“I learn kindness from the hard-hearted; I learn patience from the harried; I learn compassion from my grief. Let me be not ungrateful to my teachers.”
—Author unknown, adapted by S.R. Holland
I had been at sea for ten days. I’d visited this city before—but not on a Sunday, so I’d never been to the UU congregation there.
On Sunday morning, I walked into the sanctuary where a greeter recognized that I was a visitor and welcomed me with a friendly greeting. Then he asked, “So what brought you to our congregation today?”
Being that a ship had literally brought me to the congregation, I turned and pointed down the hill toward the harbor at the Coast Guard cutter I had steamed in on. “I’m a Navy chaplain,” I explained, “and that ship right down there brought me here.
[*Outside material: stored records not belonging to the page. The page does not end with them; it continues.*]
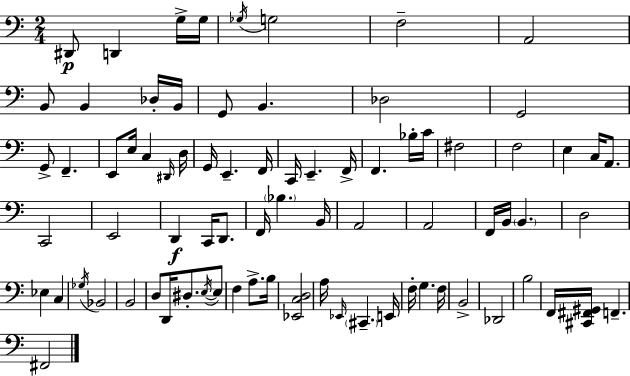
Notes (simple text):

D#2/e D2/q G3/s G3/s Gb3/s G3/h F3/h A2/h B2/e B2/q Db3/s B2/s G2/e B2/q. Db3/h G2/h G2/e F2/q. E2/e E3/s C3/q D#2/s D3/s G2/s E2/q. F2/s C2/s E2/q. F2/s F2/q. Bb3/s C4/s F#3/h F3/h E3/q C3/s A2/e. C2/h E2/h D2/q C2/s D2/e. F2/s Bb3/q. B2/s A2/h A2/h F2/s B2/s B2/q. D3/h Eb3/q C3/q Gb3/s Bb2/h B2/h D3/e D2/s D#3/e. E3/s E3/e F3/q A3/e. B3/s [Eb2,C3,D3]/h A3/s Eb2/s C#2/q. E2/s F3/s G3/q. F3/s B2/h Db2/h B3/h F2/s [C#2,F#2,G#2]/s F2/q. F#2/h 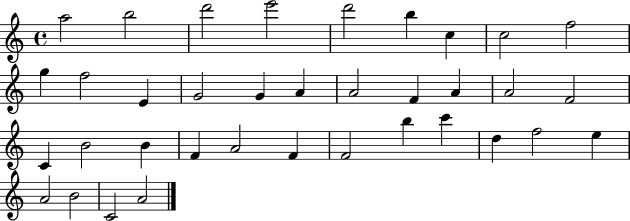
{
  \clef treble
  \time 4/4
  \defaultTimeSignature
  \key c \major
  a''2 b''2 | d'''2 e'''2 | d'''2 b''4 c''4 | c''2 f''2 | \break g''4 f''2 e'4 | g'2 g'4 a'4 | a'2 f'4 a'4 | a'2 f'2 | \break c'4 b'2 b'4 | f'4 a'2 f'4 | f'2 b''4 c'''4 | d''4 f''2 e''4 | \break a'2 b'2 | c'2 a'2 | \bar "|."
} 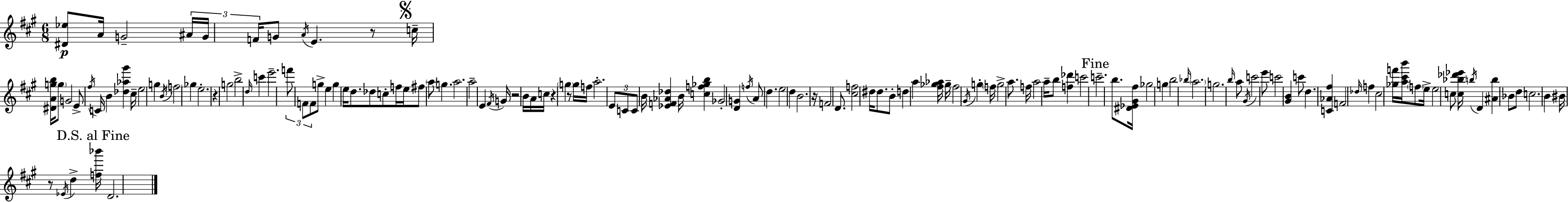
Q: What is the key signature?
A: A major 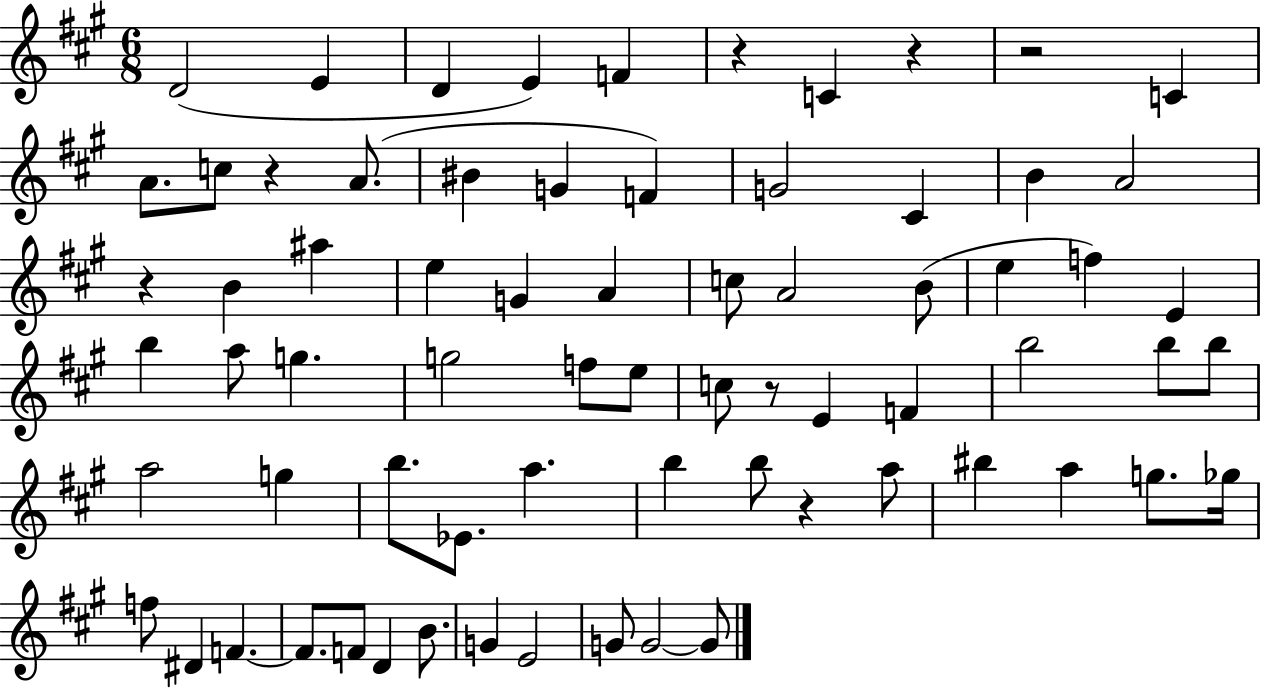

We sailed in yesterday.”
He replied, “So what brings a Navy chaplain to a Unitarian Universalist church?” And my brain lurched to a halt.
Unitarian Universalism and the military have not always been on friendly terms. After almost 20 mostly-happy years in both, I sometimes forget the tension in our history. In my many run-ins with ministers on the right-wing, fundamentalist side of religion, a calm, friendly, but unapologetic demeanor had always gotten me through those conversations.
“I am a Unitarian Universalist and this is my spiritual home,” I said slowly. “When I travel for work I like to visit new churches.” What he said next was like being whacked with a foam pool noodle — conspicuous but not overly harmful: “Oh, you didn’t say you were Unitarian Universalist.”
I don’t remember my exact words, but I remember my body switching to teacher mode: “I didn’t know it was my responsibility to announce that.”
I’m a middle-aged, middle-class, straight white guy. I don’t have experiences like this often. But I’m grateful that I do occasionally; they give me insight. In the moment that I switched to “teacher mode,” I wasn’t aware of where I had come by that practice. It didn’t take long to recall several moments in which I had inadvertently said ungracious things. I was fortunate enough to have professors, ministers, and friends illuminate my clumsiness for me. They did so in a way that was gracious enough that it increased my appreciation and respect for them, and clear enough that I will never forget the teaching.
Spirit of Life and Love and Truth, who connects us all to each other and to all things, teach me to receive with thick skin and a forgiving heart; teach me to transmit gently with insight and skill. When we collide, restore us to harmony, for we need one another to be whole.